To install the rook operator I used helm. This is pretty straight forward and I was able to install following the documentation.
$ helm repo add rook-stable https://charts.rook.io/stable $ helm install --namespace rook-ceph-system rook-stable/rook-ceph
Now that the operator is up and running, we need to deploy a rook cluster. More specific; we want to deploy a rook ceph cluster. I will be deploying a copy of the yaml from my github page but you should look at the quickstart page for an up to date yaml.
$ kubectl create -f https://raw.githubusercontent.com/christianh814/kubernetes-toolbox/master/resources/examples/rook-cluster.yaml
This creates (among other things) the rook CRDs for ceph. Please see the documentation if you need to customize any values.
Next is the storageClass. However before we can create the storageClass, we have to create the CR of CephBlookPool. This custom resource will notify the operator to create a 3 way replicate cluster to serve block storage. I included it in my yaml, along with my storageclass; but more information can be found in the docs.
kubectl create -f https://raw.githubusercontent.com/christianh814/kubernetes-toolbox/master/resources/examples/rook-storageclass.yaml
After a bit, you should see rook-ceph-block as an available storageClass.
$ kubectl get sc NAME PROVISIONER AGE rook-ceph-block ceph.rook.io/block 3m
Testing Rook/Ceph
In order to test this I created a namespace and then deployed a sample application (that accepts file uploads) to that namespace
$ kubectl create ns test namespace/test created $ kubectl create deployment upload --image=quay.io/redhatworkshops/upload:latest -n test deployment.apps/upload created
I also exposed this deployment and created an ingress as well in order for me to test the upload.
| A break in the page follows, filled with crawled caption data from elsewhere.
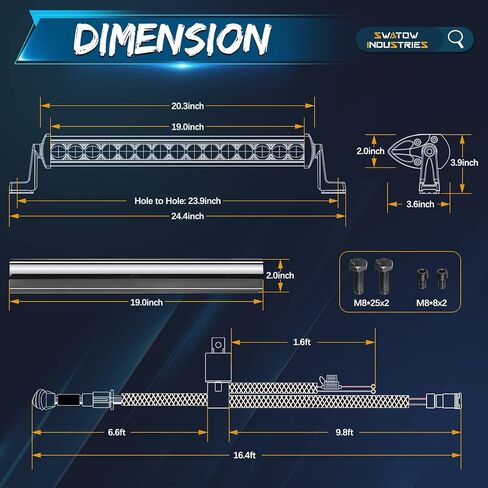 شريط إضاءة LED بصف واحد 20 بوصة، شريط إضاءة 105 وات 20 بوصة مع حزام أسلاك غطاء أسود بقعة الفيضانات على الطرق الوعرة ضوء القيادة LED ضوء ممتص للصدمات لشاحنة بيك اب رام تويوتا جيب UTV in Saudi Arabia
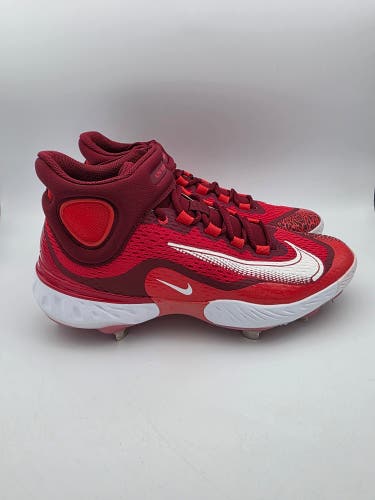 Nike Alpha Huarache Elite 4 Mid Baseball Cleats Red Men's Size 11.5 DJ6520-616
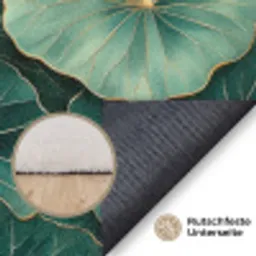 Patroon - Bladeren - Groen Vloerkleed Rechthoek klein 1091 -uniquesellingpoint_antislip_DE_DE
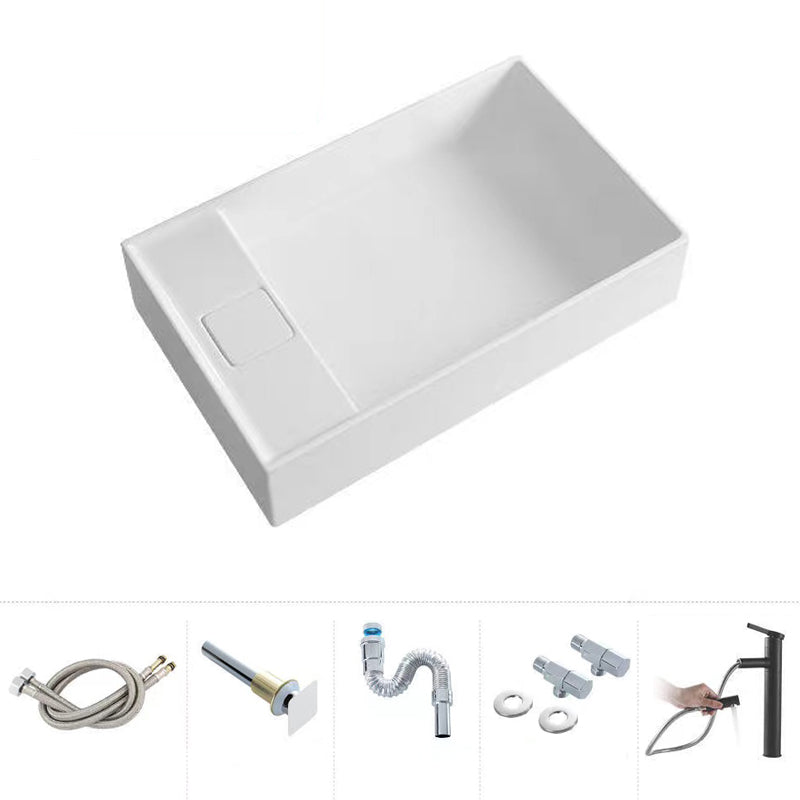 Modern Vessel Bathroom Sink Rectangular Porcelain with Overflow and Faucet Basin Sink 23.6"L x 15"W x 5.5"H Right Sulcus Sink with Faucet Clearhalo 'Bathroom Remodel & Bathroom Fixtures' 'Bathroom Sinks & Faucet Components' 'Bathroom Sinks' 'bathroom_sink' 'Home Improvement' 'home_improvement' 'home_improvement_bathroom_sink' 6743284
Now, when I created the pvc I specified that I wanted to use the block storage provided by rook/ceph by using the volume.beta.kubernetes.io/storage-class: rook-ceph-block annotation in my yaml file.
apiVersion: v1
kind: PersistentVolumeClaim
metadata:
name: ceph-block-pvc0001
annotations:
volume.beta.kubernetes.io/storage-class: rook-ceph-block
spec:
accessModes:
- ReadWriteOnce
resources:
requests:
storage: 1Gi
Now I just loaded this yaml to create my pvc
$ kubectl create -f https://raw.githubusercontent.com/christianh814/kubernetes-toolbox/master/resources/examples/rook-sample-pvc.yaml -n test persistentvolumeclaim/ceph-block-pvc0001 created
Here, rook will create my block volume on the fly for me, creating the pv that satisfies my claim. Checking the pvc status shows that I have it bound to a pv.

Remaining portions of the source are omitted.